## Exercise objective
Copy all of the data below without altering a single line.

Stored data
════════

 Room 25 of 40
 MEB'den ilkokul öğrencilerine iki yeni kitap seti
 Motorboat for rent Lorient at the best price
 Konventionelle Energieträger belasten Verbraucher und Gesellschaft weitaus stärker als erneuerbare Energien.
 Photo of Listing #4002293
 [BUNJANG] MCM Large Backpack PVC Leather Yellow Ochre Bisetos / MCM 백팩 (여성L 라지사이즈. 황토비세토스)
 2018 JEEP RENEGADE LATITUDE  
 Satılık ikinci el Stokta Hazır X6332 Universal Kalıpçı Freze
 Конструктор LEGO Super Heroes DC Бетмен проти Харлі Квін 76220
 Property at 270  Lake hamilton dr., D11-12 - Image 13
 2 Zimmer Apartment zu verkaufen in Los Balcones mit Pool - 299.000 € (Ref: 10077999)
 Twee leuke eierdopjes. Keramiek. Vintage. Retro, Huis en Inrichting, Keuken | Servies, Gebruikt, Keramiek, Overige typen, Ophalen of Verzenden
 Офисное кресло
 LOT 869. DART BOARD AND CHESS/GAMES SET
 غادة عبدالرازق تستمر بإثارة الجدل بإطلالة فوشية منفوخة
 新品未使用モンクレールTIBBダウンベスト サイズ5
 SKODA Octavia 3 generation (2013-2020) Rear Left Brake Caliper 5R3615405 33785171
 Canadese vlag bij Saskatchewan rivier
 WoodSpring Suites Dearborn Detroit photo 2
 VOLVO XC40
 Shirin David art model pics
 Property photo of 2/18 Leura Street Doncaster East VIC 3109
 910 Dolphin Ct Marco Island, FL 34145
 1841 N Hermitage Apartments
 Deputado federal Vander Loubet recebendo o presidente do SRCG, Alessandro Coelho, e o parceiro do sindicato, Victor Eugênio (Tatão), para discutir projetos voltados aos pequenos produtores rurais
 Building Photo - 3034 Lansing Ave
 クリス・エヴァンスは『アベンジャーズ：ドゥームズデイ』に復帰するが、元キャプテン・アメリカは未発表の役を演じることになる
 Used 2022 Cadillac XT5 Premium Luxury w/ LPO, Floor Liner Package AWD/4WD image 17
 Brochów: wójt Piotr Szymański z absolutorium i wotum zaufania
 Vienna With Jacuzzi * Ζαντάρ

════════

## Written answer
 Room 25 of 40
 MEB'den ilkokul öğrencilerine iki yeni kitap seti
 Motorboat for rent Lorient at the best price
 Konventionelle Energieträger belasten Verbraucher und Gesellschaft weitaus stärker als erneuerbare Energien.
 Photo of Listing #4002293
 [BUNJANG] MCM Large Backpack PVC Leather Yellow Ochre Bisetos / MCM 백팩 (여성L 라지사이즈. 황토비세토스)
 2018 JEEP RENEGADE LATITUDE  
 Satılık ikinci el Stokta Hazır X6332 Universal Kalıpçı Freze
 Конструктор LEGO Super Heroes DC Бетмен проти Харлі Квін 76220
 Property at 270  Lake hamilton dr., D11-12 - Image 13
 2 Zimmer Apartment zu verkaufen in Los Balcones mit Pool - 299.000 € (Ref: 10077999)
 Twee leuke eierdopjes. Keramiek. Vintage. Retro, Huis en Inrichting, Keuken | Servies, Gebruikt, Keramiek, Overige typen, Ophalen of Verzenden
 Офисное кресло
 LOT 869. DART BOARD AND CHESS/GAMES SET
 غادة عبدالرازق تستمر بإثارة الجدل بإطلالة فوشية منفوخة
 新品未使用モンクレールTIBBダウンベスト サイズ5
 SKODA Octavia 3 generation (2013-2020) Rear Left Brake Caliper 5R3615405 33785171
 Canadese vlag bij Saskatchewan rivier
 WoodSpring Suites Dearborn Detroit photo 2
 VOLVO XC40
 Shirin David art model pics
 Property photo of 2/18 Leura Street Doncaster East VIC 3109
 910 Dolphin Ct Marco Island, FL 34145
 1841 N Hermitage Apartments
 Deputado federal Vander Loubet recebendo o presidente do SRCG, Alessandro Coelho, e o parceiro do sindicato, Victor Eugênio (Tatão), para discutir projetos voltados aos pequenos produtores rurais
 Building Photo - 3034 Lansing Ave
 クリス・エヴァンスは『アベンジャーズ：ドゥームズデイ』に復帰するが、元キャプテン・アメリカは未発表の役を演じることになる
 Used 2022 Cadillac XT5 Premium Luxury w/ LPO, Floor Liner Package AWD/4WD image 17
 Brochów: wójt Piotr Szymański z absolutorium i wotum zaufania
 Vienna With Jacuzzi * Ζαντάρ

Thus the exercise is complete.